La guerra inducida por Joe Biden en Ucrania en busca de tierras raras y mantenimiento de las industrias biológicas letales regenteadas por su hijo apoyado por una mafia neonazi y una Organización del Tratado del Atlántico Norte (OTAN) destartalada que la Europa maliciosa intentaba recomponer para enfrentar a Rusia y detener el avance de la revolución industrial de nuevo tipo en China, fue un juego de niños para los nuevos propósitos de los multimillonarios estadounidenses.
Sacaron a Trump del apuro judicial y permitieron que figurara en la boleta electoral, pero no del lodo moral y así, embarrado de fango de pies a cabeza, puso su trasero en la poltrona de la Casa Blanca como una santísima asquerosidad, y se proclamó el Señor de la Guerra con la idea, a través de la pólvora y el genocidio, de recibir el beneplácito de Oslo que, como denunció el fundador de WikiLeaks, Julian Assange, convirtieron en instrumento de guerra ante los atónitos ojos del mundo que repudia a la también genocida María Corina Machado.
La presidenta de México, Claudia Sheinbaum, sin pelos en la lengua, exigió a la ONU que asuma su papel.
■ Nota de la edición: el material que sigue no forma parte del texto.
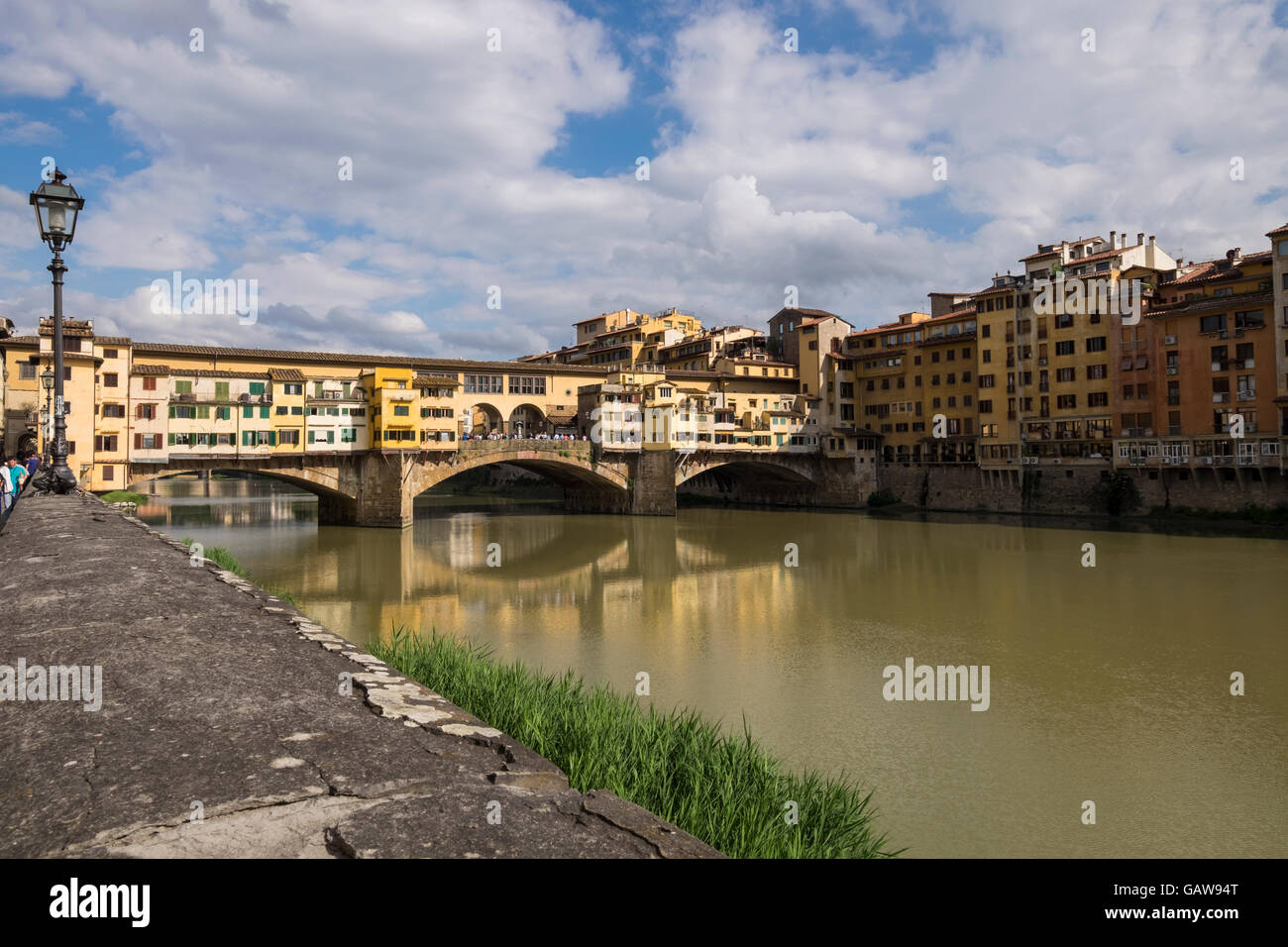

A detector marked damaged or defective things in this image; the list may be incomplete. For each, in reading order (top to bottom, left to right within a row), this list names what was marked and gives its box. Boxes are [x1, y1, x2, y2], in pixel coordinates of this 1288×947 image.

cracked concrete surface [0, 497, 721, 860]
Pero, ¿acaso no hay que pedírselo también a los tribunales de Estados Unidos, al sistema judicial que lo avala con su silencio e inoperancia, a los congresistas que permiten las violaciones a su propia constitución y a las leyes nacionales, y no promueven un impeachment que debió hacerse desde hace tiempo?
¿Es culpable la izquierda, o el progresismo de Estados Unidos y de América en su conjunto, a la que se le pide rinda cuenta, mientras se aparta de esa manera una reflexión sobre la realidad que golpea no solamente a América, sino al mundo, más allá de las flaquezas y errores de los grupos políticos populares?
¿Acaso no es mejor no entretenerse y dividirse buscando culpables y, en su lugar, reflexionar sobre por qué un solo hombre puede poner a un continente completo bajo la férula fascista, hacer y deshacer desconociendo absoluta e impunemente todo lo estatuido y generalmente aceptado, gracias a lo cual se han logrado mantener los equilibrios regionales y mundiales para que la paz no explote como una granada de fragmentación?
¿No es mejor impedir que América se siga convirtiendo en el infierno al cual está conduciendo un tipo ambicioso y engreído que encabeza a lo más perverso de nuestra era y cree con absoluta certeza que tiene al mundo agarrado de los pelos?
¿Por qué, en lugar del lamento y la denuncia burocrática y formalista, no juntarse como la plata en la raíz de los Andes —como decía José Martí— e impedir la descarada declaración y ultimátum de Trump, de que mantendrá el cerco a Venezuela hasta tanto ese país no le devuelva a Estados Unidos el petróleo, el oro, los minerales que, según él, los venezolanos le han robado a ese país, que sí es un verdadero ladrón que le robó con las armas más de la mitad, 2.1 millones de kilómetros cuadrados, a México, y sin lo cual no fuera la potencia que es hoy?
De allí la gran pregunta inicial: ¿Es concebible que un solo hombre haga tanto daño a EEUU y el mundo, y no se vea todavía una respuesta que lo ponga en su lugar? Por supuesto, el cuestionamiento también involucra al pueblo estadounidense.